Nitpick: a string literal need not be a string (as the C standard
points out, in a footnote IIRC).

Tim Rentsch

unread,

Feb 24, 2023, 12:04:05 PM2/24/23

to

Keith Thompson <Keith.S.T...@gmail.com> writes:

[string literals may overlap]

> The standard *could* have required that two occurrences of "hello" in
> the same program must refer to distinct objects with unequal addresses
> (and code could have taken advantage of that guarantee). But in fact it
> explicitly says that it's unspecified.
>
> C++17 5.13.5p16 [lex.string]:
>
> Evaluating a string-literal results in a string literal object
> with static storage duration, initialized from the given
> characters as specified above. Whether all string literals are
> distinct (that is, are stored in nonoverlapping objects) and
> whether successive evaluations of a string-literal yield the
> same or a different object is unspecified. [ Note: The effect

> of attempting to modify a string literal is undefined. ? end

> note ]
>
> I hadn't realized until now that the standard allows two evaluations of
> the same string literal to refer to distinct objects (and it's difficult
> to imagine an implementation choice that would make them distinct).

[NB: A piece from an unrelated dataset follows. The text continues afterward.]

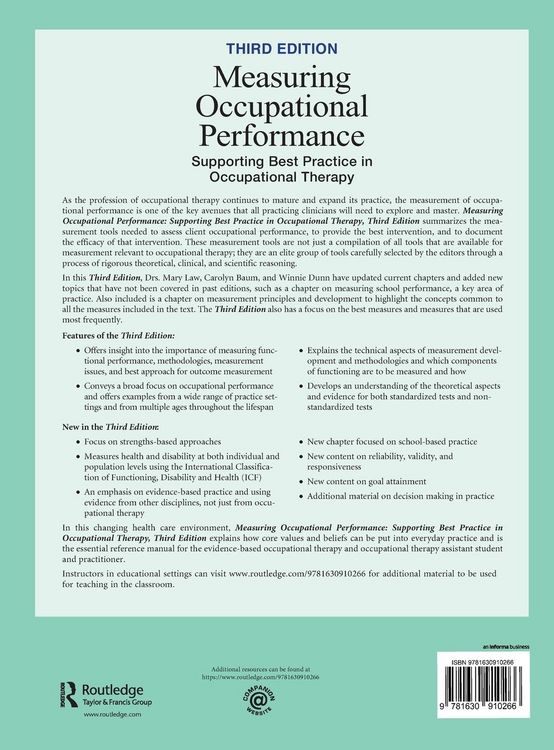 Produktbild: Measuring Occupational Performance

IIANM the statement about two evaluations is present in C++
but not in C.

james...@alumni.caltech.edu

unread,

Feb 24, 2023, 12:43:32 PM2/24/23

to

True. But the fact that storing into the bytes of a string literal has undefined
behavior is what makes storing multiple string literals in overlapping memory
workable. We're really saying the same thing, from two different points of view.

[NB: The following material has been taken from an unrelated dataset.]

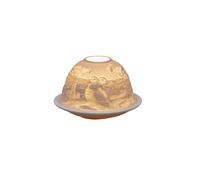 Small Lithophane Dome Tealight Candle Holder - Coast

> Nitpick: a string literal need not be a string (as the C standard
> points out, in a footnote IIRC).

I agree, but not, I suspect, in the sense that you mean it. A string literal is a
source-code feature. The corresponding string that I was referring to is
created at run-time, so they can't be the same thing.
That array is guaranteed to be null-terminated, and therefore always
contains at least one string, which might be empty (as in ""). The value of a
string literal not used to initialize an array is a pointer to the first element of
that array, which is also necessarily the start of the first (and possibly only,
possibly empty) string contained in that array. It is that string which I was
referring to when I mentioned the "corresponding string".

Tim Rentsch

unread,

Mar 14, 2023, 11:48:29 AM3/14/23

to

"james...@alumni.caltech.edu" <james...@alumni.caltech.edu> writes:

> On Friday, February 24, 2023 at 11:55:33?AM UTC-5, Tim Rentsch wrote:
>
>> James Kuyper <james...@alumni.caltech.edu> writes:
>>
>>> Note, in particular, that because writing to the memory allocated to
>>> store the string corresponding to a string literal has undefined
>>> behavior, it's entirely permissible for an implementation to make all
>>> occurrences of "Hello, world!" in a given program point at the same
>>> location in memory, and to make "Hello, world!" + 7 == "world!". Both
>>> optimizations have actually been implemented by many implementations.
>>
>> It's true that two or more string literals may have some bytes in
>> common, but that's not because writing to a byte in a string
>> literal has undefined behavior; it's because there is an explicit
>> statement in the C++ standard (and also the C standard) that allows
>> it. If anything the implication goes the other direction: because
>> pre-standard C implementations stored multiple string literals in
>> the same memory, when C was standardized it was pretty much a
>> necessity that storing into the bytes of a string literal had to
>> be undefined behavior.
>
> True. But the fact that storing into the bytes of a string literal
> has undefined behavior is what makes storing multiple string
> literals in overlapping memory workable. We're really saying the
> same thing, from two different points of view.

Your earlier statement has causality going in one direction, and
mine has it going in the opposite direction. I'm hard pressed to
see how those two views can be thought of as the same thing.